Sunday, June 9, 2013

Letting

Me hiding behind my cat, Willow
I've read several blogs recently that talk about letting go of negative things in order to make room for the positive. I realized my problem isn't so much getting rid of problems. It is allowing myself the positive. So for this blog post, L is for Letting, as in:
  • Letting myself make mistakes. I am so hard on myself. If a drawing or a story doesn't start out perfect, if I can't get it right the first time, I assume no one wants to see it. Technically this is getting rid of self-doubt, but it feels different in allowing myself to try, no matter the outcome.
  • Letting others in. I have such a huge fear of rejection that I rarely let anyone know the real me. I always keep important parts of myself hidden. All this gets me is a feeling of extreme loneliness.

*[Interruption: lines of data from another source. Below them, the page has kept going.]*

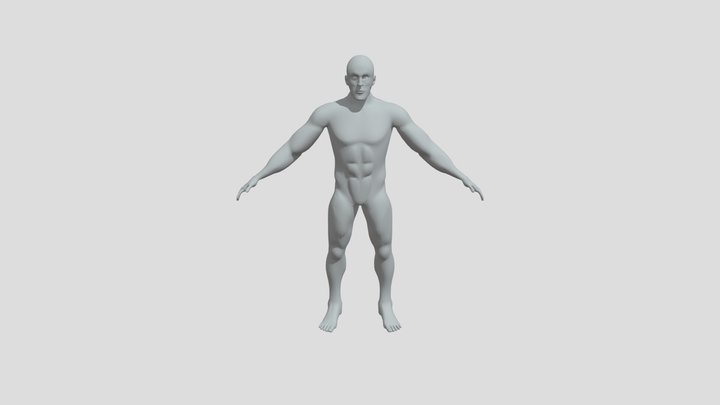 Character modelling 3D Model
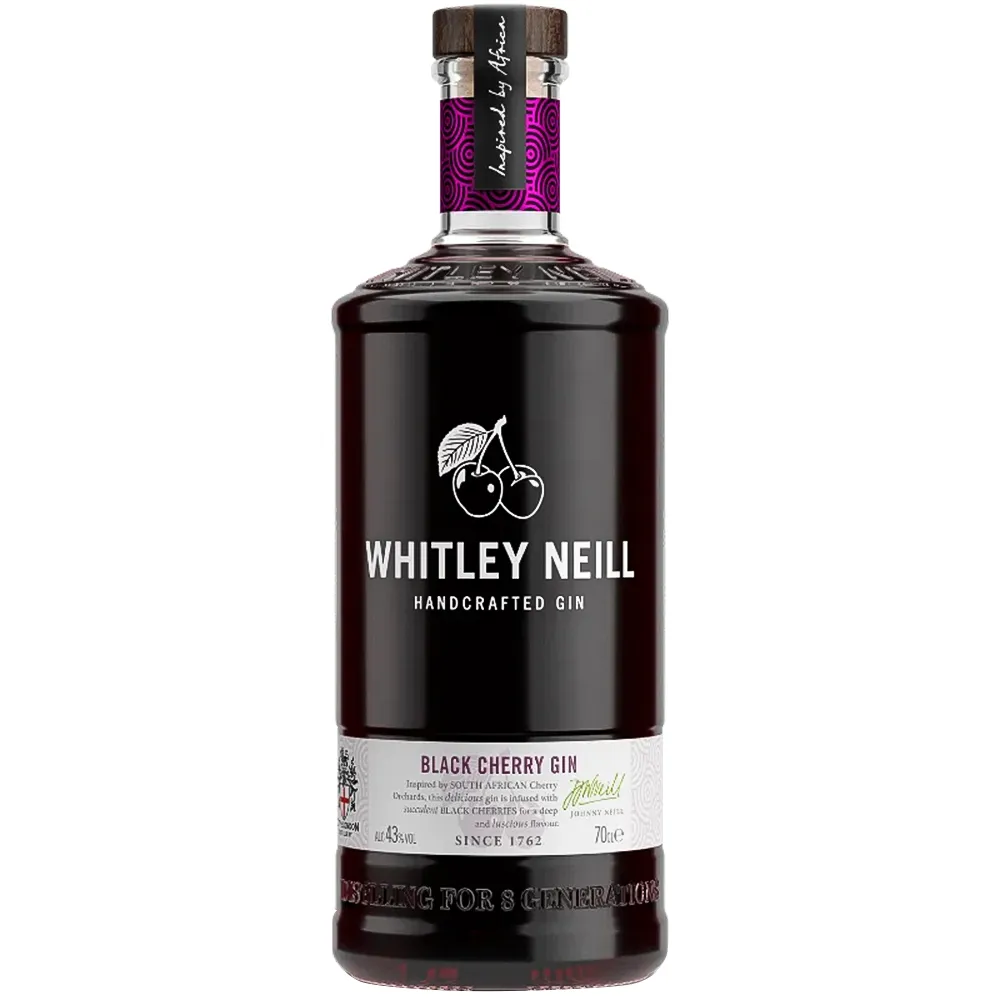Whitley Neill Black Cherry Gin 70cl
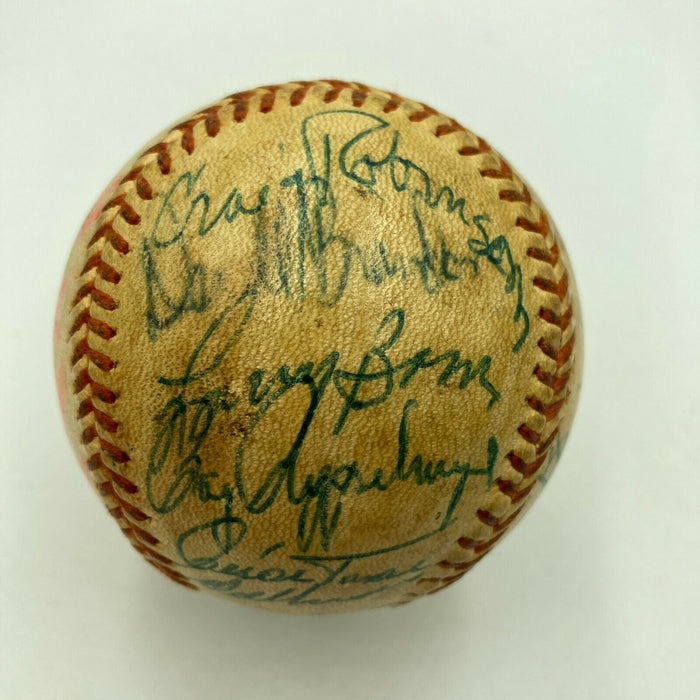 1973 Philadelphia Phillies Team Signed Baseball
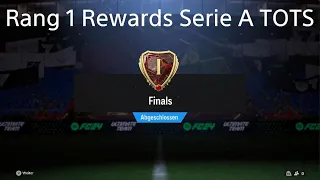 Rang 1 Rewards zum Serie A TOTS
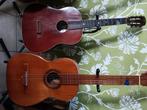 2 gitaren 7/8 folk+4/4klassieke, Ophalen, Gebruikt, Overige typen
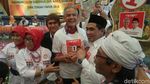 Foto: Semarak Suasana Pengundian Nomor Urut Paslon di Pilgub Jateng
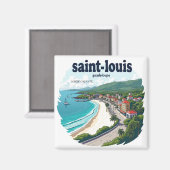 AIMANT SAINT-LOUIS GUADELOUPE (Recto/Verso)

  • Letting me just be me. I generally feel like I don't measure up to what I should be like, how I should look. Naturally the constant media push for all women to look like a plastic doll with the perfect, unattainable proportions doesn't help. Nor does the long line of thin, attractive family members. I need to learn that my size and lack of fashionable wardrobe is okay for me.
  • Letting magick be my way of life. I work the occasional spell on holidays or moon phases, but I haven't explored all the possibilities, found the Pagan way that just makes magick natural, something that simply is without having to over think things. I haven't allowed this as yet for fear; of doing it "wrong," of making issues worse instead of better, of admitting that I feel like a huge fake.
Fear, in some shape or form, is a big factor in pretty much everything I do. So it seems that I really must allow the fears and learn how to get past them, how to be brave enough to acknowledge them as part of the process of growth.